# Building the Document Collections and Quantifying Topic Coverage over Time Series

Our time series was every day from 11/12/2020 to 12/11/2020.

For the purpose of our topic model, we found that treating every individual word as its own topic was most optimal. Therefore, we quantify the coverage of each given word in our vocabulary on each day in our time series and then select words which have a maximum coverage above our threshold on any given day in our time series. Afterward, the coverage of each topic over time can be compared to the underlying stock price by performing Granger tests. 

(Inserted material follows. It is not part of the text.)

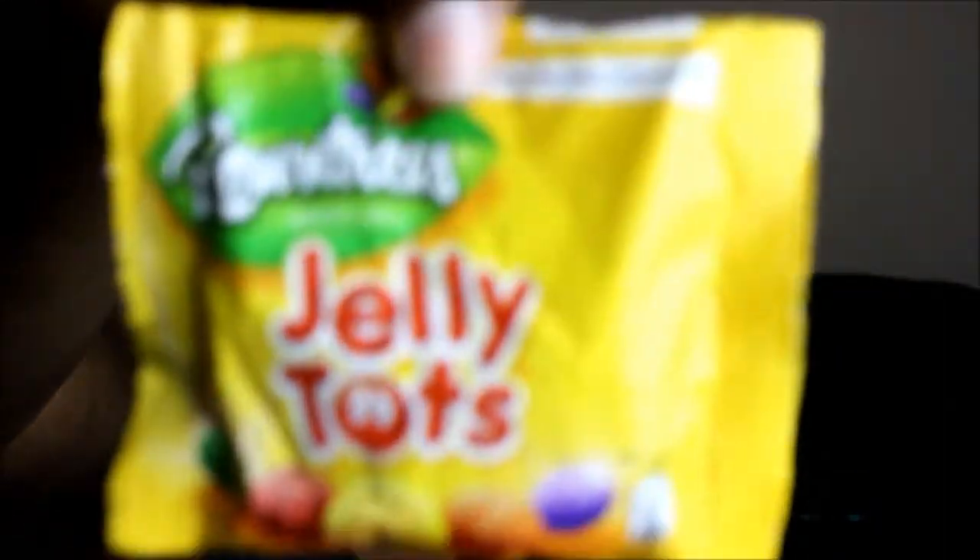Next are the Jelly Tots. These look like fruit chews — like you'd give your little cousin at daycare. They look like sour Skittles with a little hump on them. They're like fruit chews with a sugar coating. They're chewy as hell.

The basis of our algorithm is as follows:

    For each of TSLA, PLTR, and NFLX:

    1. Build the collection and then build vocabulary for entire collection
       1a. Make a set of stop words which we will not include in the vocabulary
    2. Build a vocabulary for each day which maps the word to its count on that day
        2a. Evaluate the coverage of each term in this vocabulary on that given day
    3. For each term in our full document collection vocabulary, make a dictionary mapping
    each word a list which is its coverage during each day in our time series.
        3a. Only evaluate words which have a coverage over our cutoff (0.001) at some point in the time series
    4. Filter for the 200 words which have the highest causality at some point during the time series
    5. For each of these words, perform Granger tests to evaluate if there is causal relationship where the 
    coverage of that given word "Granger causes"

In [1]:
"""
The code in this cell parses our input data which we had previously created in tweet_data_tsla.txt,
tweet_data_pltr.txt, and tweet_data_nflx.txt into document collection lists with tuples in the form
(tweet string, datetime.date())
"""
import re
import datetime

# Helper function for formatting the dates in the doc collection
def month_to_num(m):
    if m == "Jan":
        return 1
    elif m == "Feb":
        return 2
    elif m == "Mar":
        return 3
    elif m == "Apr":
        return 4
    elif m == "May":
        return 5
    elif m == "Jun":
        return 6
    elif m == "Jul":
        return 7
    elif m == "Aug":
        return 8
    elif m == "Sep":
        return 9
    elif m == "Oct":
        return 10
    elif m == "Nov":
        return 11
    elif m == "Dec":
        return 12
    else:
        return -1

def create_tweet_collection(infile):
    
    doc_collection = []
    
    with open(infile) as fp:
            
        for tweet in re.findall('--start--(.*?)--end--', fp.read(), re.S):
                
            split_tweet = tweet.split("\n")
                
            unformatted_string_date = split_tweet[1]
            # 0 - day of week, 1 - Month as 3-letter, 2 - day, 3 - time (UTC), 4 - timezone add-on (always +0000), 5 - year, 6 - :
            split_date = unformatted_string_date.split(" ")
            # a correctly formatted datetime timestamp of the tweet with only the date info
            date = datetime.date(int(split_date[5]), month_to_num(split_date[1]), int(split_date[2]))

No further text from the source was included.